ACC overhaul off to MPs
Barrister’s plan to fix national accident compensation scheme system is four years in the making
‘‘We started this world-leading work but have never taken the intended next steps, and now 50 years have passed and the job is not finished . . . We no longer have a no-fault personal injury system.’’
Warren Forster
A solution to fix the notoriously broken Accident Compensation Corporation (ACC) system will today be presented to MPs.
Warren Forster has completed an almost 100-page reform plan that offers a people-focused, single system for all, to replace the current scheme that he describes as discriminatory and, he says, wastes resources arguing the causes of impairments.
Rather than the proposal becoming an ‘‘election football’’, he hopes it will gain cross-party co-operation to adopt what he believes would be a cheaper, fairer option within a decade.
He will present the document to MPs at Parliament today.
Forster, a barrister who spent four years researching the country’s social insurance scheme as part of the Law Foundation Te Manatū ā Ture o Aotearoa’s International Research Fellowship, said ACC ministers were kept abreast of the reform during its development.

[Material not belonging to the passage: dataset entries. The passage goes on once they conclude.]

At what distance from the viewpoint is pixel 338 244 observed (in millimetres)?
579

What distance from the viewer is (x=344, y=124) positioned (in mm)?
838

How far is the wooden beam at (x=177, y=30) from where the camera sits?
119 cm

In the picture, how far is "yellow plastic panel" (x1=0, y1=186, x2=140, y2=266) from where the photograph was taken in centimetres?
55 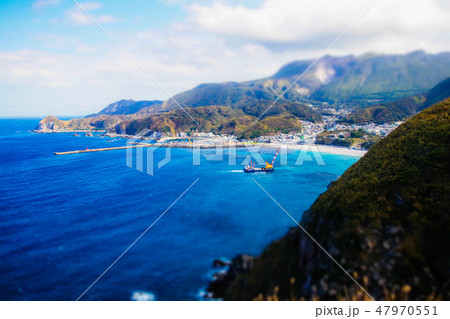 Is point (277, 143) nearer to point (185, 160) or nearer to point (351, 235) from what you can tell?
point (185, 160)

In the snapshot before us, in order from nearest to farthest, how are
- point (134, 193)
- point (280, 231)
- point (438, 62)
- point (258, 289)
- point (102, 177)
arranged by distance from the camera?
point (258, 289)
point (280, 231)
point (134, 193)
point (102, 177)
point (438, 62)

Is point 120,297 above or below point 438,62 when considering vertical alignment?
below

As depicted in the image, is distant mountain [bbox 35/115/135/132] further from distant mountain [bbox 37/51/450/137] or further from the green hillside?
the green hillside

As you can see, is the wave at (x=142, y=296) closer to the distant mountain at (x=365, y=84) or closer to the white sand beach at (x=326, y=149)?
the white sand beach at (x=326, y=149)

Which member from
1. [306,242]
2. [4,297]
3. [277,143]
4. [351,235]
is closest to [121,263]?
[4,297]

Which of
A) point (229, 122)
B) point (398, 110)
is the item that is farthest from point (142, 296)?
point (398, 110)

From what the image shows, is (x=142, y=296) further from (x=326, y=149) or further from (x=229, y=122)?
(x=229, y=122)

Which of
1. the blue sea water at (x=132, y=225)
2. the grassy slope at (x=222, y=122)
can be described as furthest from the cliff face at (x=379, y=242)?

He had spoken with hundreds of people.
The reform offered a road map of how to finish what Sir Owen Woodhouse intended in a 1967 royal commission of inquiry, he said. The groundbreaking blueprint that Woodhouse laid out to create a single system of care and support, no matter the cause of a person’s impairment, had stagnated at the first stage.
ACC legislation was passed in 1972 for injuries considered to have been caused by an accident.
‘‘We started this world-leading work but have never taken the intended next steps, and now 50 years have passed and the job is not finished,’’ Forster said.
‘‘As we reflect back on the past five decades, we can see the reintroduction of fault. We no longer have a no-fault personal injury system.’’
Forster’s report states: ‘‘We can become world leaders again in the field of care and support for all of our people, or we perpetuate the fragmented, incomplete and broken system that history has shown does not work.’’
He recognised that its interaction with the proposed income insurance system – for people who lose their jobs through redundancy or illness to receive up to 80 per cent of their usual income for six months – would have to be carefully managed.
His reform would provide four enforceable rights to social and income support, habilitation, and healthcare, implemented over time, and the development of a sustainable funding model.
It would eliminate fragmentation of services, and he believed billions of dollars would be saved by integrating administrative costs and removing the requirements for boundaries within and between ACC and the health and welfare systems.
The reform’s funding would require innovation to become financially sustainable and move away from relying on taxation or levies.
Forster proposed a sovereign wealth fund, similar to the New Zealand Superannuation Fund, that would help to increase ‘‘intergenerational equity’’.
The new Ministry for Disabled People would consult and codesign the reform, he said, and it would meet the requirements of Te Tiriti o Waitangi, the Convention on the Rights of Persons with Disabilities, and human rights commitments.